Word for word, restate the lines of the data below between those holding "CII - TRADITIONEEL" and "Staten Island Basketball", inclusive; pictures do not belong in the copy.

### Stored data entries
══════════
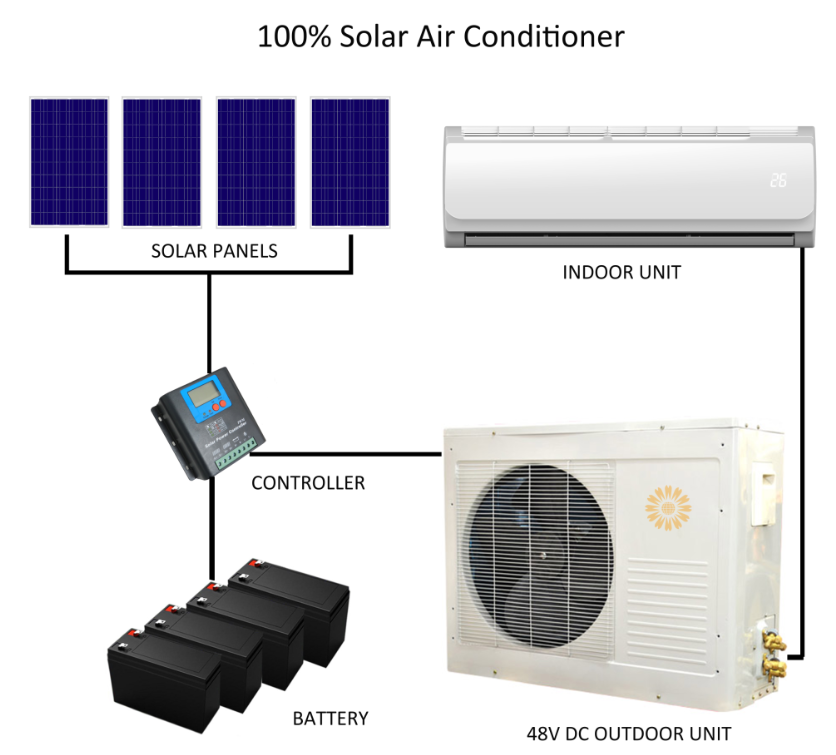 Анализ гибридных солнечных кондиционеров и 100% солнечных кондиционеров-3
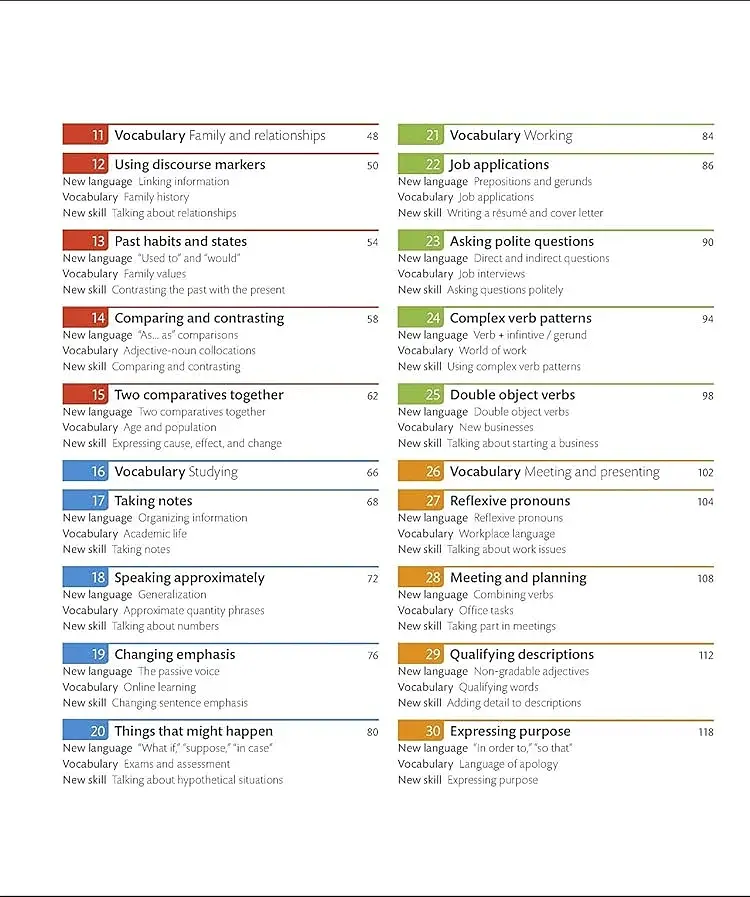 English for Everyone Course Book Level 4 Advanced - фото 5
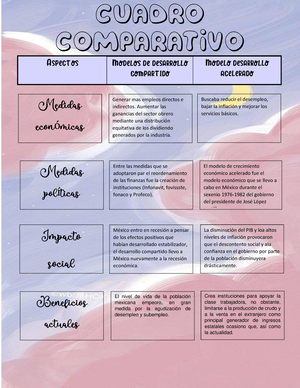 Cuadro comparativo - Cuadro comparativo Medidas econÛmicas Medidas  polÌticas Impacto social - Studocu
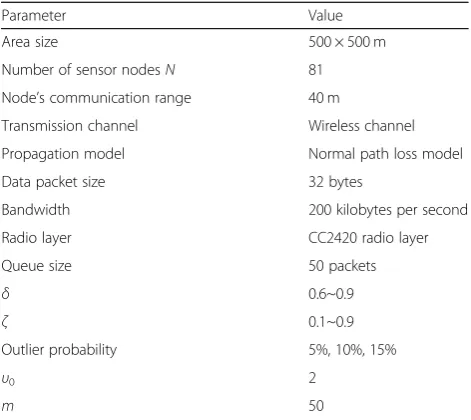 Table 1 Simulation parameters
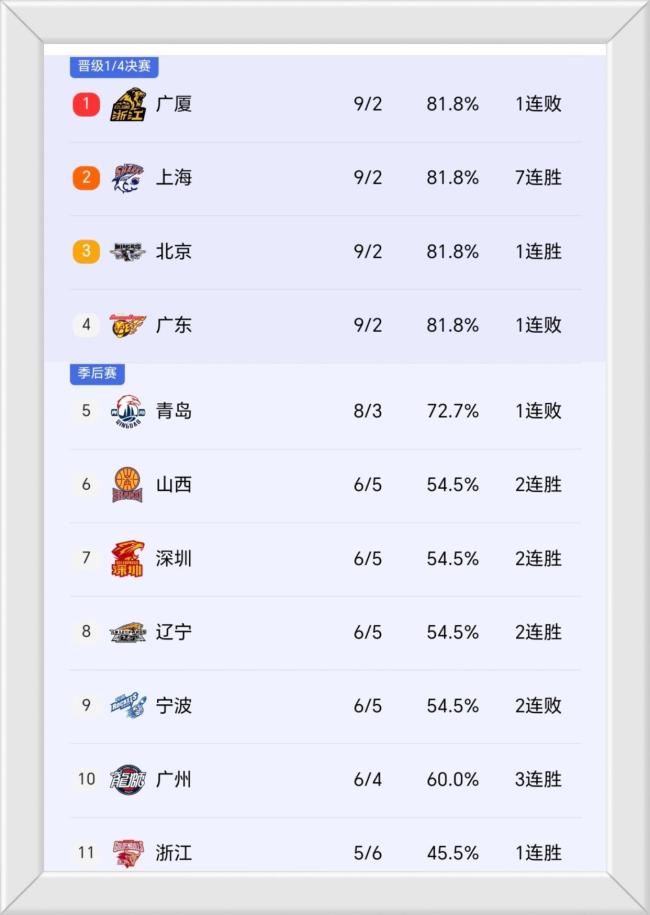 随着北京、辽宁险胜！CBA神奇一幕诞生，新排名乱了！前4战绩一模一样 积分榜大变天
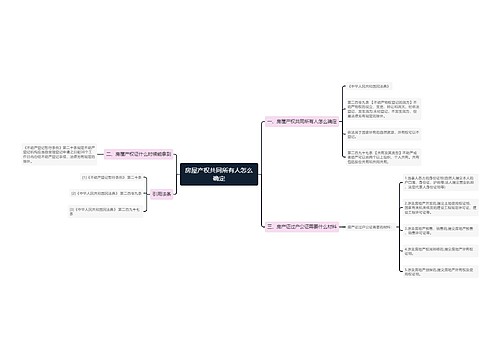 房屋产权共同所有人怎么确定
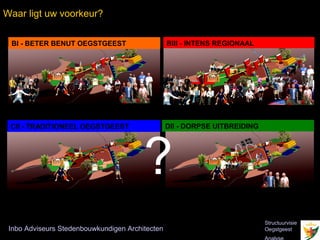 Waar ligt uw voorkeur?

 BI - BETER BENUT OEGSTGEEST                     BIII - INTENS REGIONAAL




 CII - TRADITIONEEL OEGSTGEEST                   DII - DORPSE UITBREIDING




                                        ?
                                                                            Structuurvisie
 Inbo Adviseurs Stedenbouwkundigen Architecten                              Oegstgeest
 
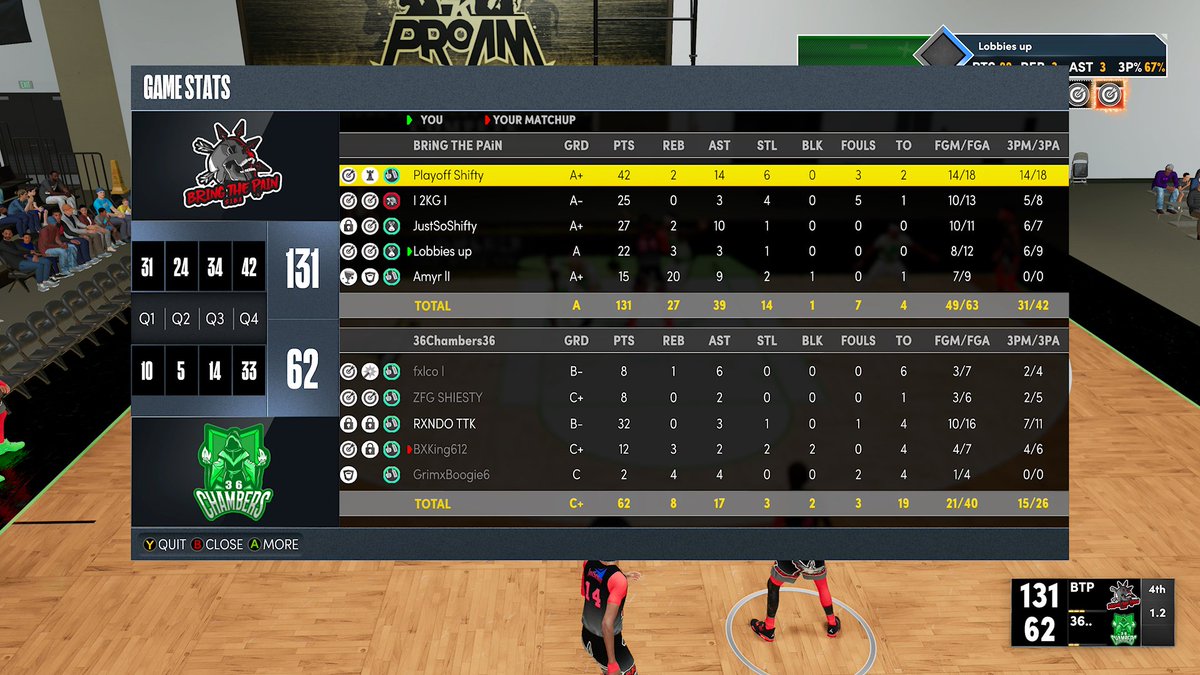 Staten Island Basketball Association (SIBA) (@statenisland2k) on Twitter photo <a href="/BBringThePain/">(SiBA)Bring The Pain</a> sweep a 2 game set vs <a href="/36chambers24/">SIBA 36 chambers</a> in blowout fashion, 72-57 & 131-62. @PlayoffShifty did whatever he wanted to the 36 Chambers defense & BTP recorded the 2nd highest pt total in SIBA history as they remain undefeated. <a href="/Add_iLLEST/">Add iLLEST</a> reaches 40 HC wins for his career <a href="/BBringThePain/">(SiBA)Bring The Pain</a> sweep a 2 game set vs <a href="/36chambers24/">SIBA 36 chambers</a> in blowout fashion, 72-57 & 131-62. @PlayoffShifty did whatever he wanted to the 36 Chambers defense & BTP recorded the 2nd highest pt total in SIBA history as they remain undefeated. <a href="/Add_iLLEST/">Add iLLEST</a> reaches 40 HC wins for his career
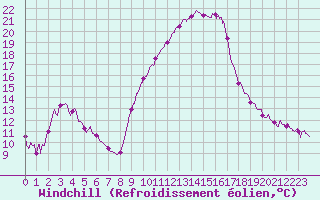 Courbe du refroidissement olien pour Nmes - Courbessac (30)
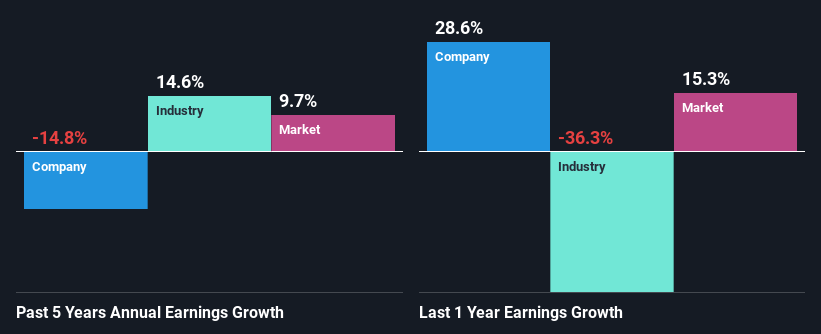 past-earnings-growth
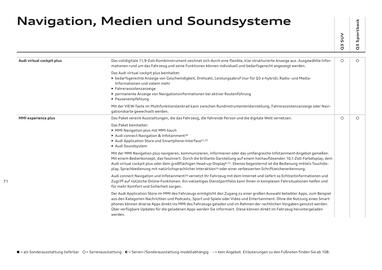 Audi Flugblatt | Q3 Seite 70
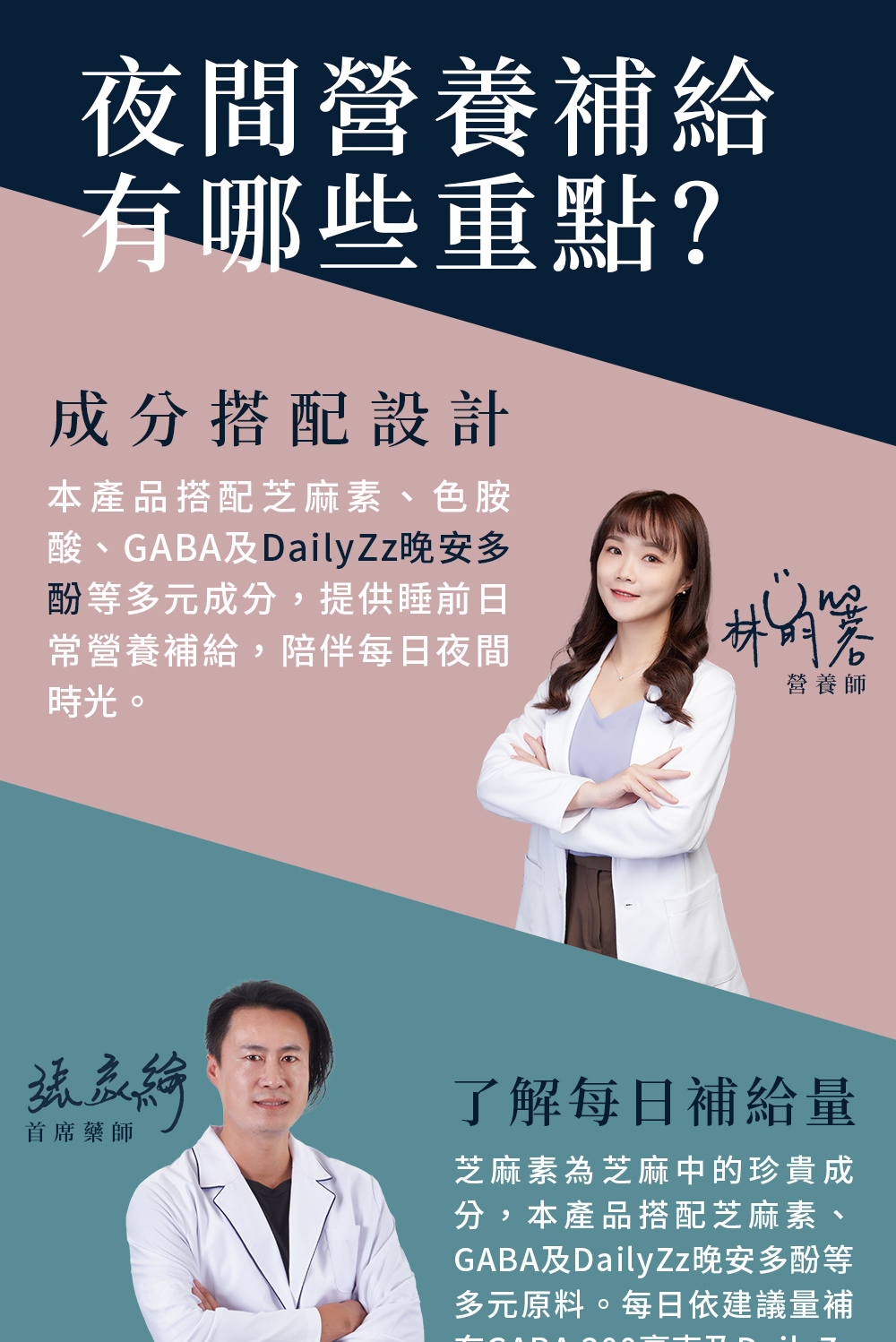 GABA-說晚安-晚安多酚-芝麻素-嚴萃保健-3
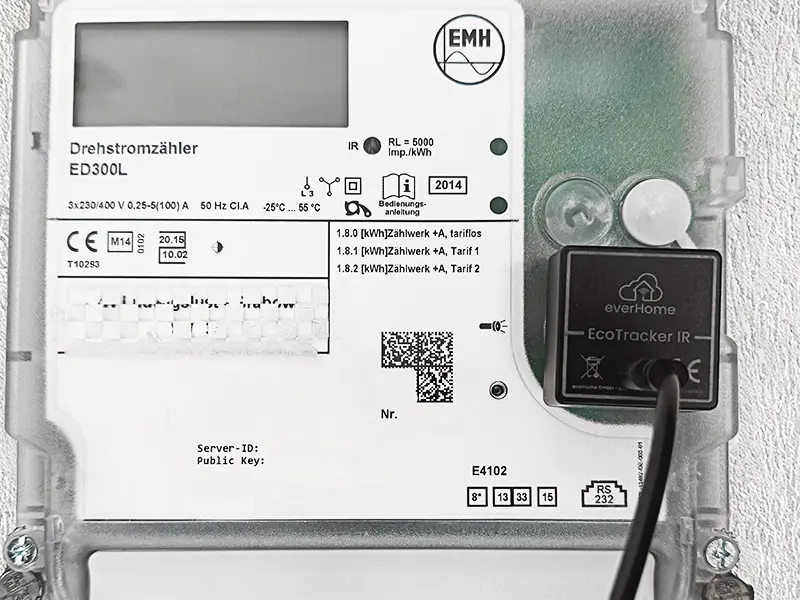 EcoTracker mit Netzteil Anwendungsbeispiel EcoTracker mit Netzteil Anwendungsbeispiel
══════════
### Task answer
 CII - TRADITIONEEL OEGSTGEEST                   DII - DORPSE UITBREIDING




                                        ?
                                                                            Structuurvisie
 Inbo Adviseurs Stedenbouwkundigen Architecten                              Oegstgeest
 
 Staten Island Basketball Association (SIBA) (@statenisland2k) on Twitter photo <a href="/BBringThePain/">(SiBA)Bring The Pain</a> sweep a 2 game set vs <a href="/36chambers24/">SIBA 36 chambers</a> in blowout fashion, 72-57 & 131-62. @PlayoffShifty did whatever he wanted to the 36 Chambers defense & BTP recorded the 2nd highest pt total in SIBA history as they remain undefeated. <a href="/Add_iLLEST/">Add iLLEST</a> reaches 40 HC wins for his career <a href="/BBringThePain/">(SiBA)Bring The Pain</a> sweep a 2 game set vs <a href="/36chambers24/">SIBA 36 chambers</a> in blowout fashion, 72-57 & 131-62. @PlayoffShifty did whatever he wanted to the 36 Chambers defense & BTP recorded the 2nd highest pt total in SIBA history as they remain undefeated. <a href="/Add_iLLEST/">Add iLLEST</a> reaches 40 HC wins for his career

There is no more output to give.